The reasons that bring languages into contact and hence foster bilingualism are many: migrations of various kinds (economic, educational, political, religious), nationalism and federalism, education and culture, trade and commerce, intermarriage, etc. These factors create various linguistic needs in people who are in contact with two or more languages and who develop competencies in their languages to the extent required by these needs. In contact situations it is rare that all facets of life require the same language (people would not be bilingual if that were so) or that they always demand two languages (language A and B at work, at home, with friends, etc.). In fact, bilinguals acquire and use their languages for different purposes, in different domains of life, with different people. It is precisely because the needs and uses of the languages are usually quite different that bilinguals rarely develop equal fluency in their languages. The level of fluency attained in a language (more precisely, in a language skill) will depend on the need for that language and will be domain specific. It is thus perfectly normal to find bilinguals who can only read and write one of their languages, who have reduced speaking fluency in a language they only use with a limited number of people, or who can only speak about a particular subject in one of their languages. This explains in part why bilinguals are usually poor interpreters and translators. Not only are specific skills required, but interpretation and translation entail that one has identical lexical knowledge in the two languages, something that most bilinguals do not have. Certain domains and topics are covered by the lexicon of one language, others by the lexicon of the other language, and some few by the two. Interpreting and translating when one lacks the appropriate vocabulary and the necessary skills is thus something that bilinguals find difficult.

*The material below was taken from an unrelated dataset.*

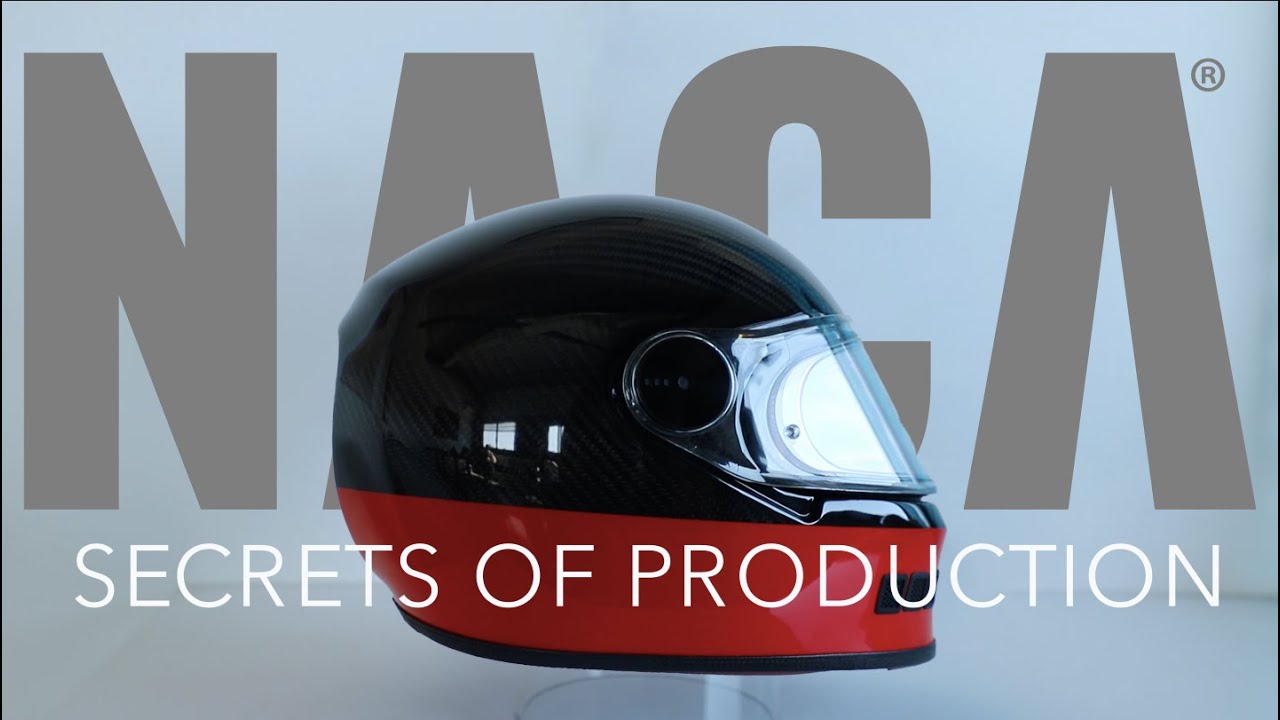 NACA HELMET | The secrets behind the lightest helmets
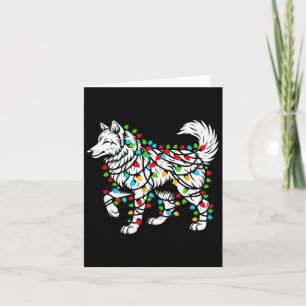 Tarjeta Wolfs Tree Navidades Sweater Xmas Mascota Animal W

The failure to understand that bilinguals normally use their languages for different purposes, with different people and in different domains of life has been a major obstacle to obtaining a clear picture of bilinguals and has had many negative consequences: bilinguals have been described and evaluated in terms of the fluency and balance they have in their two languages; language skills in bilinguals have almost always been appraised in terms of monolingual standards; research on bilingualism has in large part been conducted in terms of the bilingual's individual and separate languages; and, finally, many bilinguals evaluate their language competencies as inadequate. Some criticize their mastery of language skills, others strive their hardest to reach monolingual norms, others hide their knowledge of their "weaker" language, and most simply do not perceive themselves as being bilingual even though they use two (or more) languages in their everyday lives.
Researchers are now starting to view the bilingual not so much as the sum of two (or more) complete or incomplete monolinguals but rather as a specific and fully competent speaker-hearer who has developed a communicative competence that is equal, but different in nature, to that of the monolingual. This competence makes use of one language, of the other, or of the two together (in the form of mixed speech; see below) depending on the situation, the topic, the interlocutor, etc. This in turn has led to a re-definition of the procedure used to evaluate the bilingual's competencies. Bilinguals are now being studied in terms of their total language repertoire, and the domains of use and the functions of the bilingual's various languages are being taken into account.
We should note finally that as the environment changes and the needs for particular language skills also change, so will the bilingual's competence in his or her various language skills. New situations, new interlocutors, new language functions will involve new linguistic needs and will therefore change the language configuration of the person involved. Extreme cases of restructuring are language forgetting and a return to functional monolingualism, be it in the person's first, second or third language.